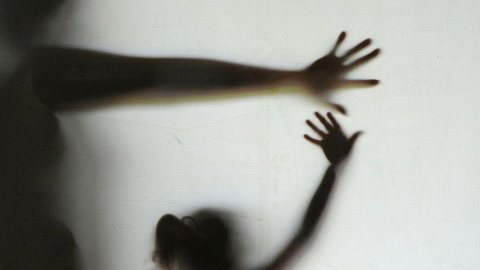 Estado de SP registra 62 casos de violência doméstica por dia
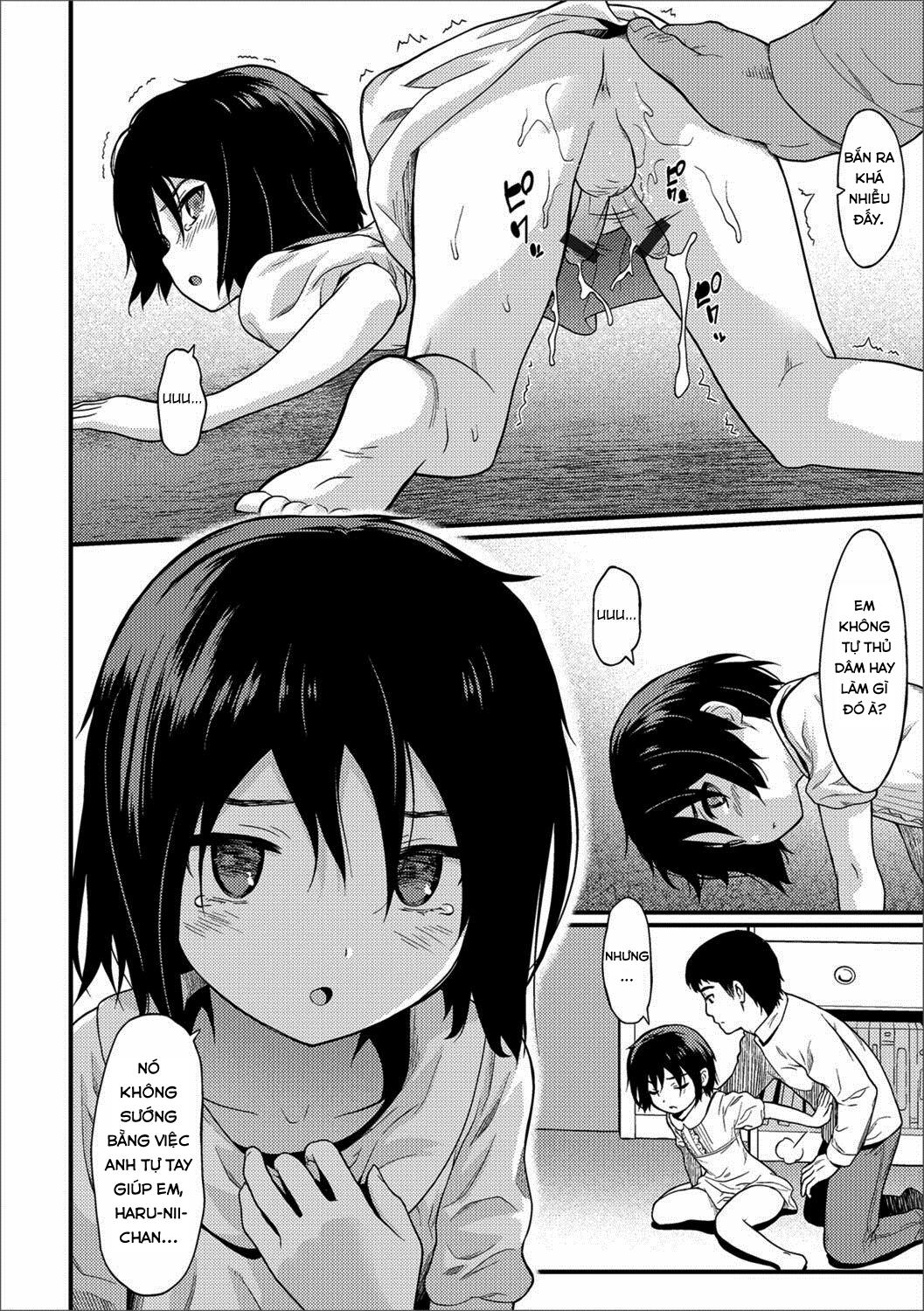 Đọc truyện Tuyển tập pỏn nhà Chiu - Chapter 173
...
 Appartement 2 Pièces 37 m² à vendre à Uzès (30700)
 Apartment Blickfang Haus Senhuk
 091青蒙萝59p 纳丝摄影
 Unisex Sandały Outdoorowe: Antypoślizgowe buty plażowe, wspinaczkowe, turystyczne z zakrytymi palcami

■ The task ■
In the data above, start at the line that has "Apartment Blickfang Haus Senhuk", stop after the line that has "Unisex Sandały Outdoorowe: Antypoślizgowe", and print every line in between exactly as it stands.

■ Exercise answer ■
 Apartment Blickfang Haus Senhuk
 091青蒙萝59p 纳丝摄影
 Unisex Sandały Outdoorowe: Antypoślizgowe buty plażowe, wspinaczkowe, turystyczne z zakrytymi palcami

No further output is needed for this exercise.